The movement toward personalized medicine isn’t going to flip like a switch, like, say, when everybody seemed to start using e-mail or ATMs overnight. It’s more likely that personalized medicine will catch on in certain market segments first, like breast cancer, where the need is acute and the products have been in the game longer. Tethys is far along with a commercial product to predict diabetes risk, and it should begin to capture much bigger market share as awareness climbs over the coming years. Other fields may take a few years, or even a decade, for the evidence to emerge to support the value of some of the new personalized tests to the healthcare system.
“It’s hard to generalize, but 10 years from now, I think it will be widespread,” Ericson says.
To hear Ericson talk, it’s OK to wait.
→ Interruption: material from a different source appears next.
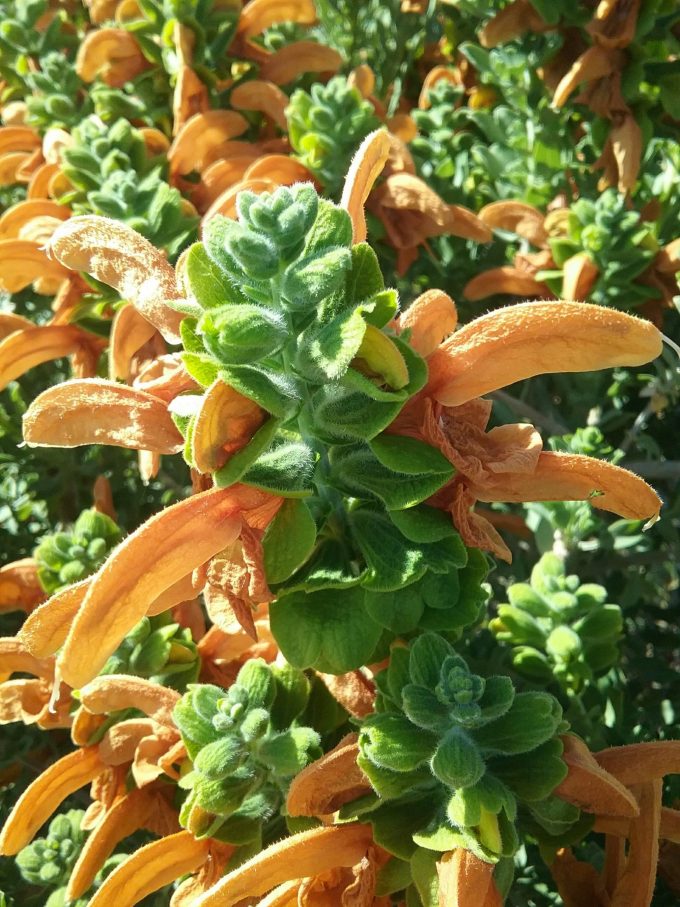 Salvia africans lutea - Perennial Plant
Mohr Davidow, which has $2 billion under management in nine funds, still has about half of the capital left to invest from its most recent fund of almost $700 million, Ericson says. While a lot of VCs are clearly shooting for lower-risk, more incremental, short-term bets that could help improve their return-on-investment stats when it’s time to raise their next fund, Mohr Davidow’s latest investments don’t appear to be following that trend. The firm has decided it will stick with the idea that if it can get in early with a groundbreaking field of technology like personalized medicine, it will be rewarded.
“It’s who we are and it’s in our DNA,” Ericson says. “If you try to switch to late stage consumer e-commerce, it won’t work well. We are who we are. We want to be early-stage investors.”